+++ Extracted data

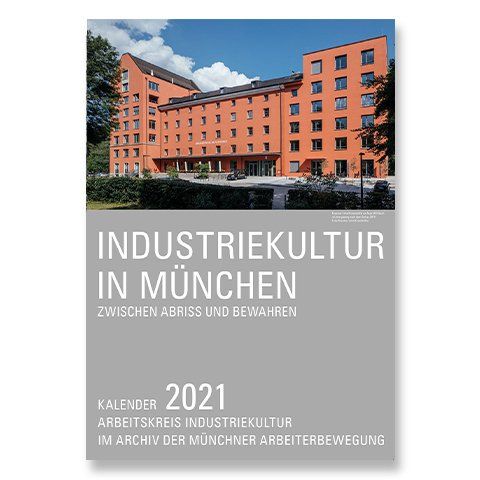 Industriekultur in München, Krämersche Kunstmühle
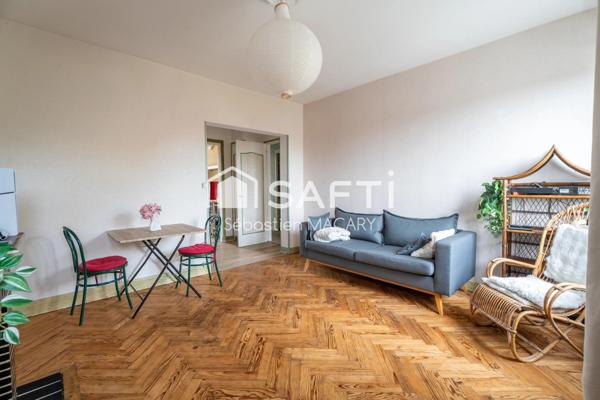 T3 Bacalan lumineux proche tram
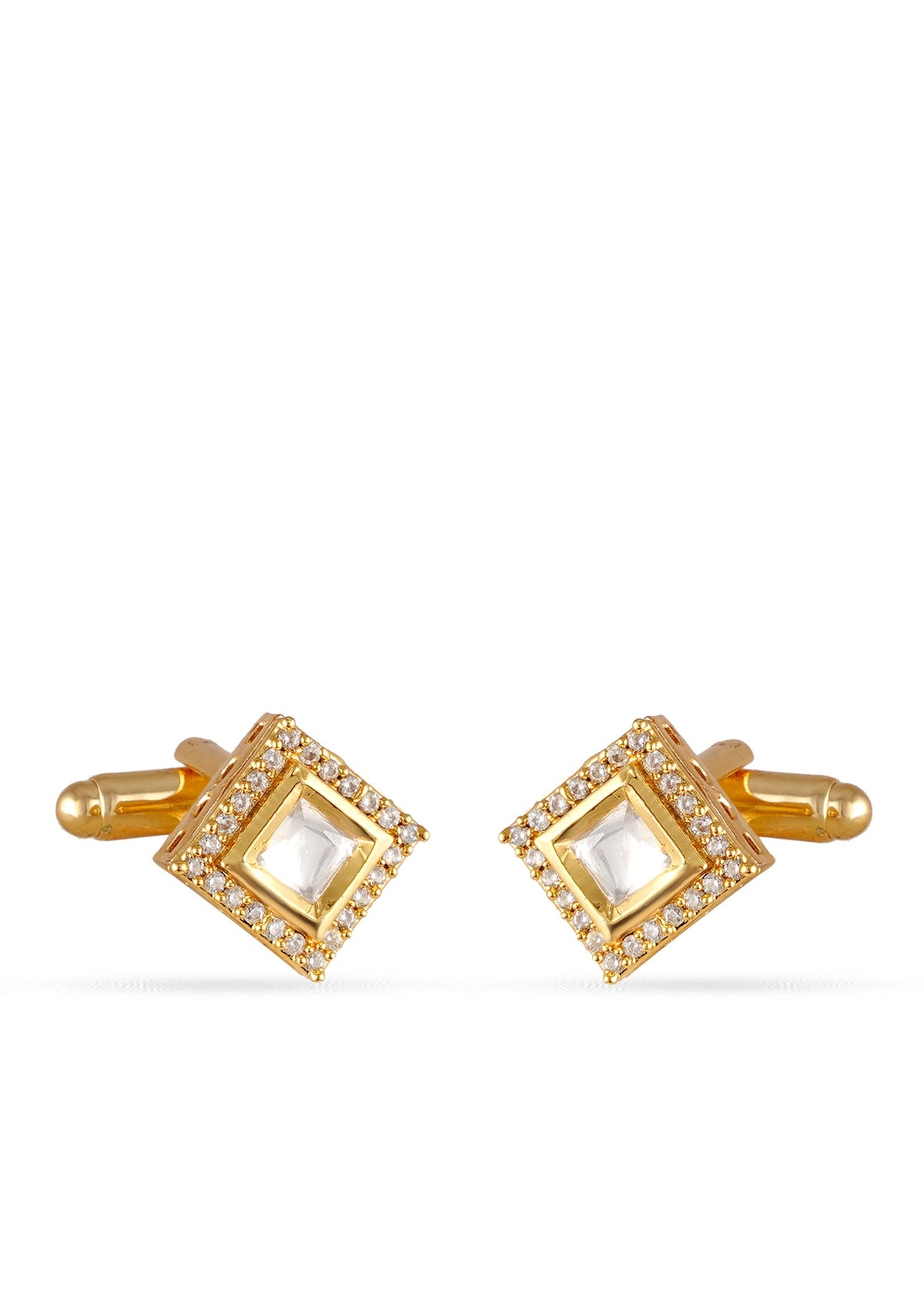 Cufflinks 3 by Sadaf Fawad Khan — detail view | SFK Menswear Accessories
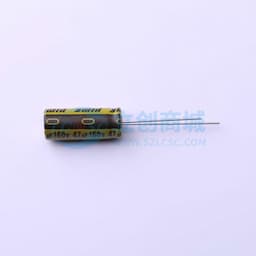 47uF ±20% 160V 【插件】缩略图
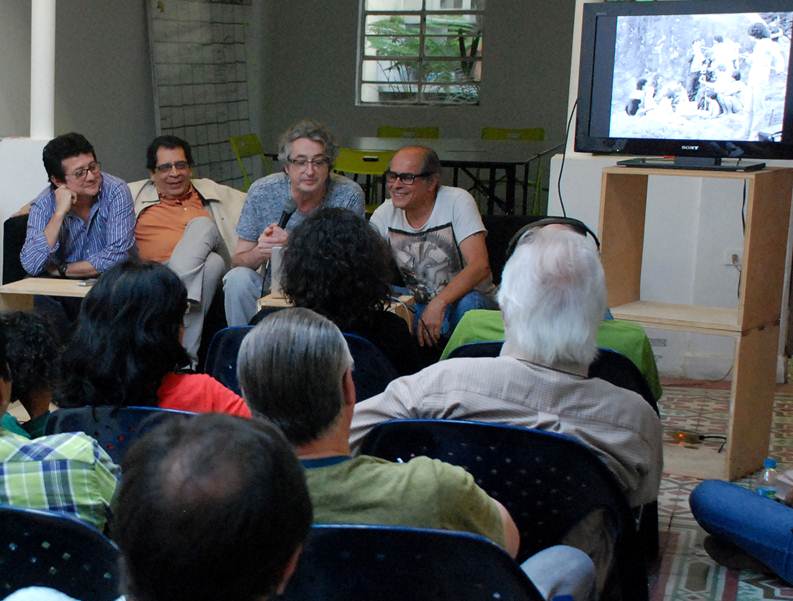 Esta noche se clausura el Festival Internacional de Cine de Cali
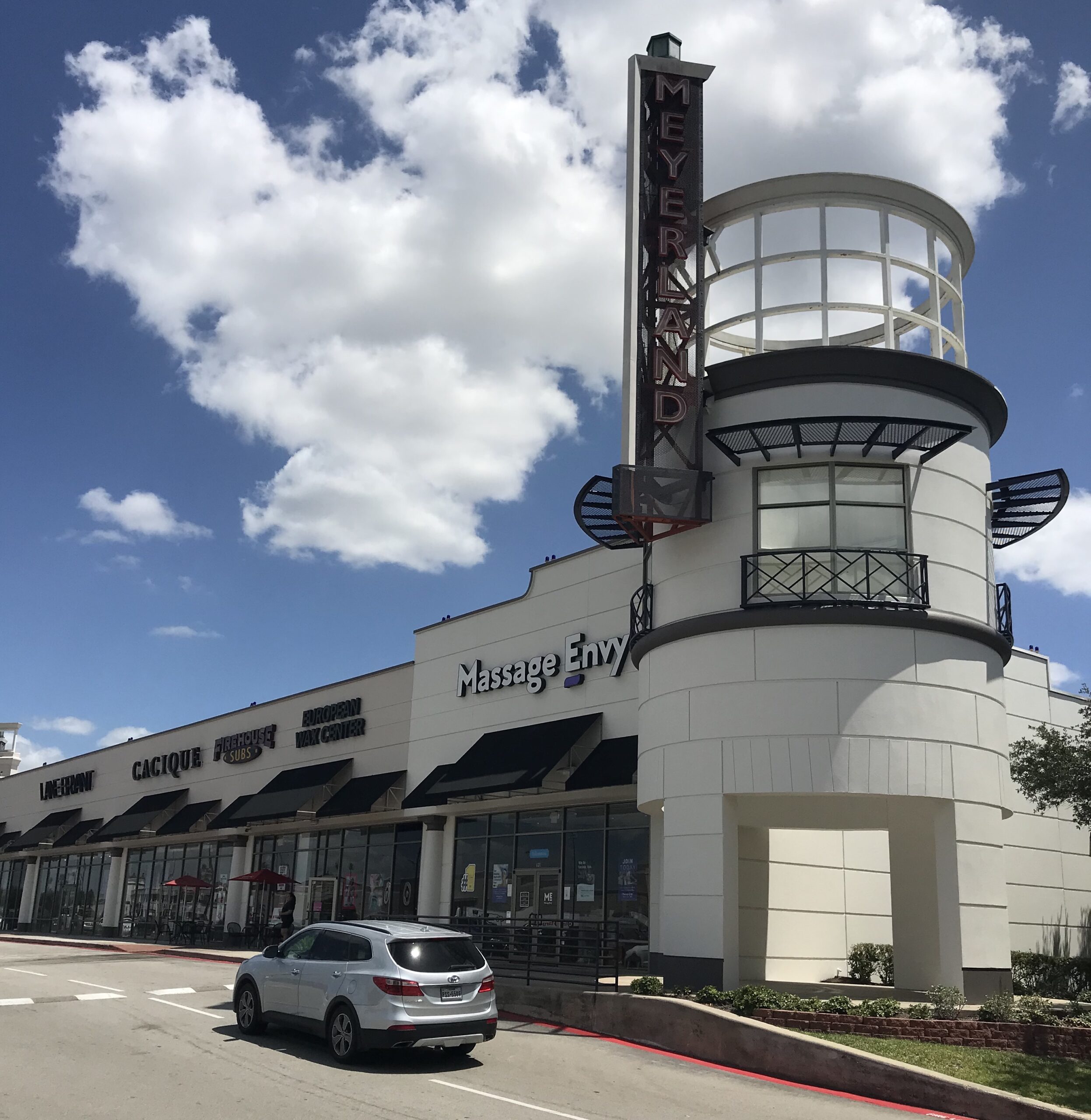 Ross in meyerland clearance plaza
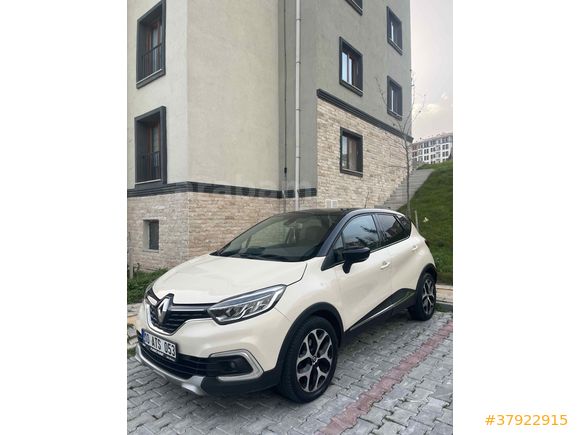 Sahibinden Renault Captur 1.5 dCi Icon 2017 Model 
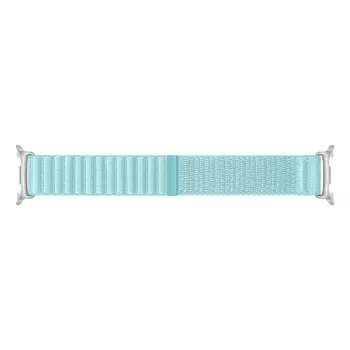 Band Samsung Fabric Band S/M für Galaxy Watch8 Mintfarbe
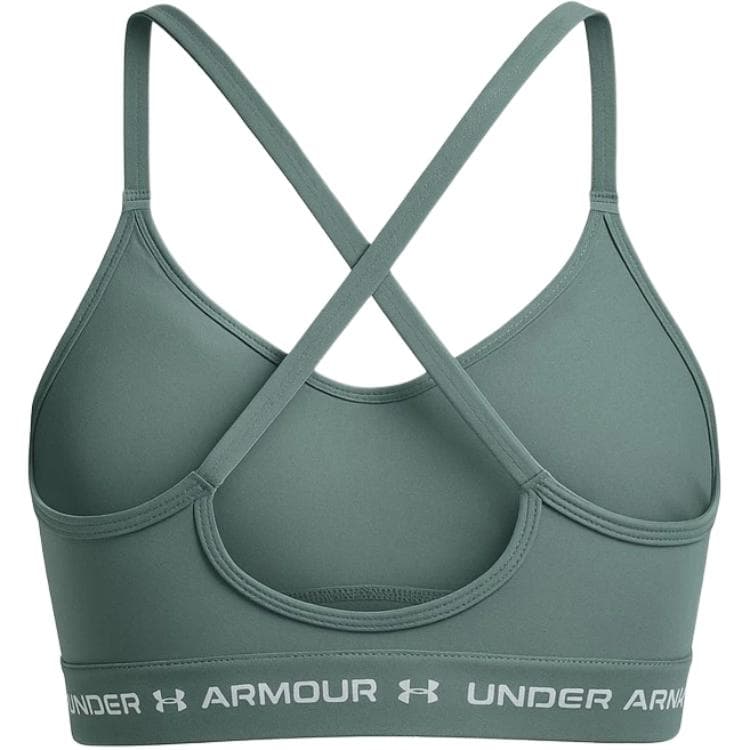 Бюстгальтер Under Armour Зеленые Женские Бюстгальтеры - изображение 2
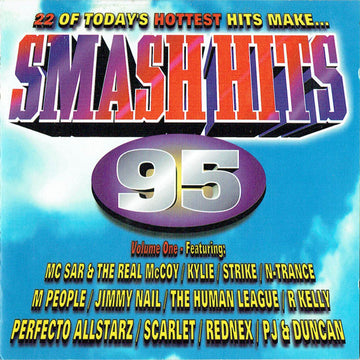 ซีดี Various - Smash Hits 95 Volume One CD G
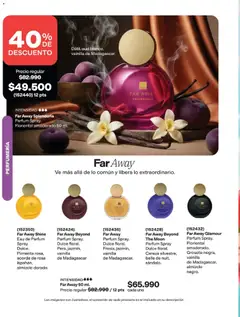 Avon Ciclo 8 -  Vista previa de la revista de la tienda Avon valido desde el 01.08.2026 | Página: 64 | Productos: Pimienta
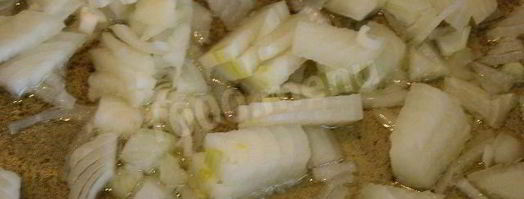 постные ленивые голубцы. Шаг 3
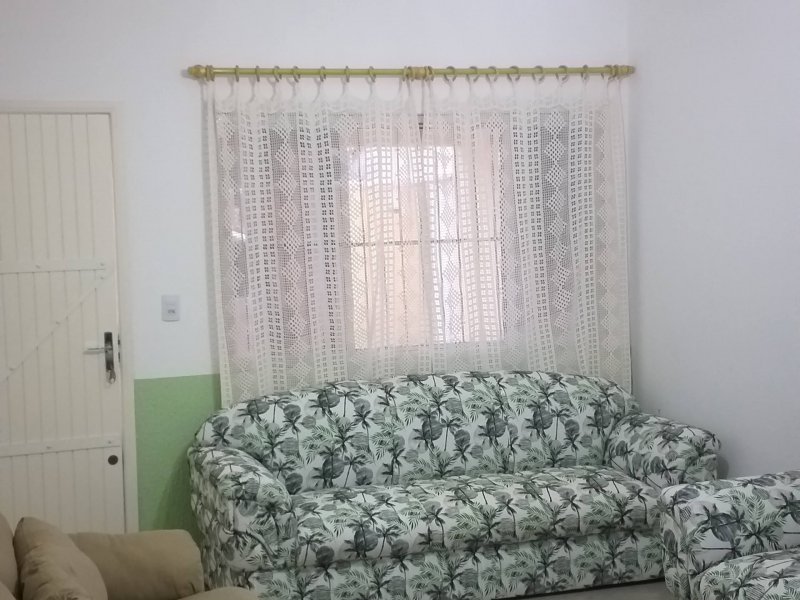 imóvel com 140m² - Jardim Santa Julia - Itanhaém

++++++

**What to work on**
The lines needed are those from the one containing "Avon Ciclo 8" through the end of the listing, given again word for word and without any picture.

**Solution to this problem**
 Avon Ciclo 8 -  Vista previa de la revista de la tienda Avon valido desde el 01.08.2026 | Página: 64 | Productos: Pimienta
 постные ленивые голубцы. Шаг 3
 imóvel com 140m² - Jardim Santa Julia - Itanhaém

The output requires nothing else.